Through funding from the Department of Aboriginal Affairs’ 2016 PALS program (Partnership, Acceptance, Learning and Sharing), John Curtin dance teacher Judy Hendrickse and drama teacher Julia Perkins travelled to the Kimberley region to learn more about Aboriginal culture to bring it into their teaching practices.
“We spent time in the remote community town, One Arm Point which inspired the choreography behind the dance project,” Judy said.
“I wanted to teach students how culture can influence dance in many ways.”
PALS is an initiative of the Department of Aboriginal Affairs which encourages schools to develop projects that promote reconciliation and Aboriginal culture in their local community.
This year 520 schools in WA are working on 679 PALS projects.

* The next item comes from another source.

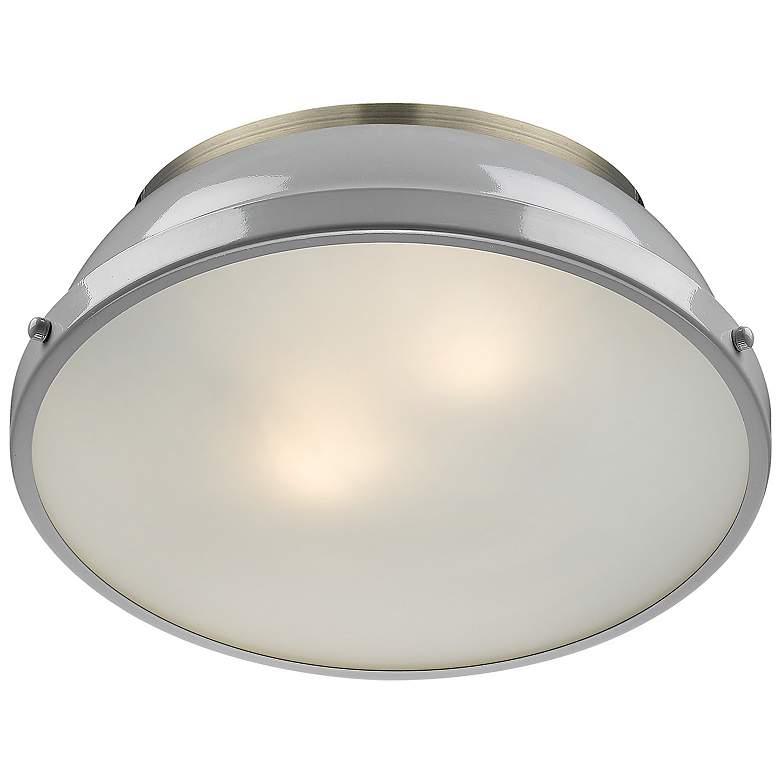 Image 3 Duncan 14" Wide Aged Brass 2-Light Flush Mount With Gray Shade more views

John Curtin students worked with Indigenous artist, Simon Stewart and also visiting Balinese Dalang, I Made Sidia to create a collaborative dance performance called Emerging, with influences from both cultures.
“Both the Balinese and Aboriginal cultures connect through land and place and the students infuse this into their dance performance making it authentic and embedded with culture,” Judy said.

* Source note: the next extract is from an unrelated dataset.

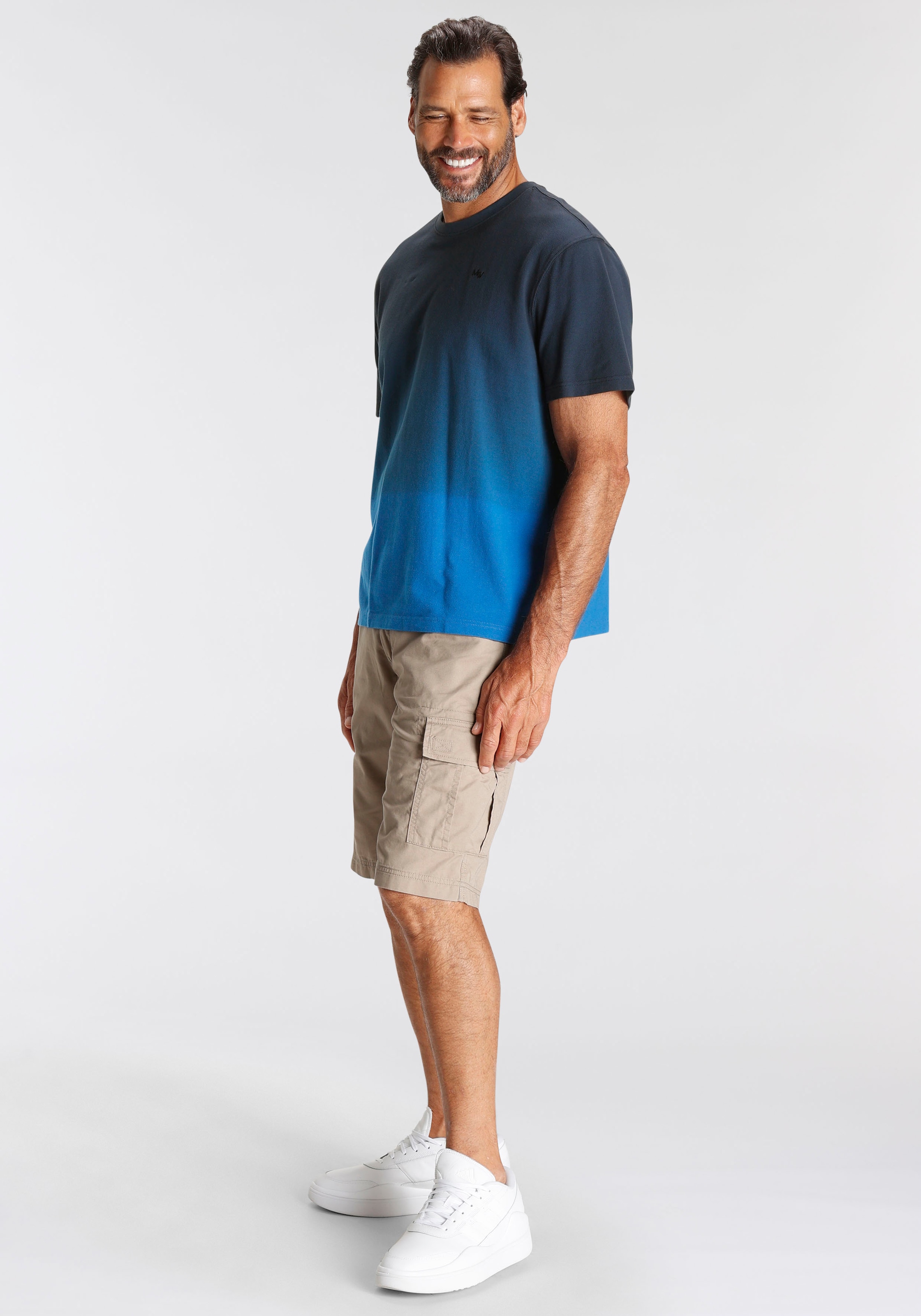 Man's World T-Shirt, Kurzarm, Regular Fit, unifarben, Rundhalsausschnitt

Principal Mitchell Mackay acknowledged the importance of connections to the past and involving young people to become more culturally aware as they move into the future.
“There is significant Aboriginal heritage on our site and it is important for children to connect to the Aboriginal culture in a positive way,” he said.
“It’s also important that students understand the differences and similarities between northern Aboriginal and Indonesian cultures.”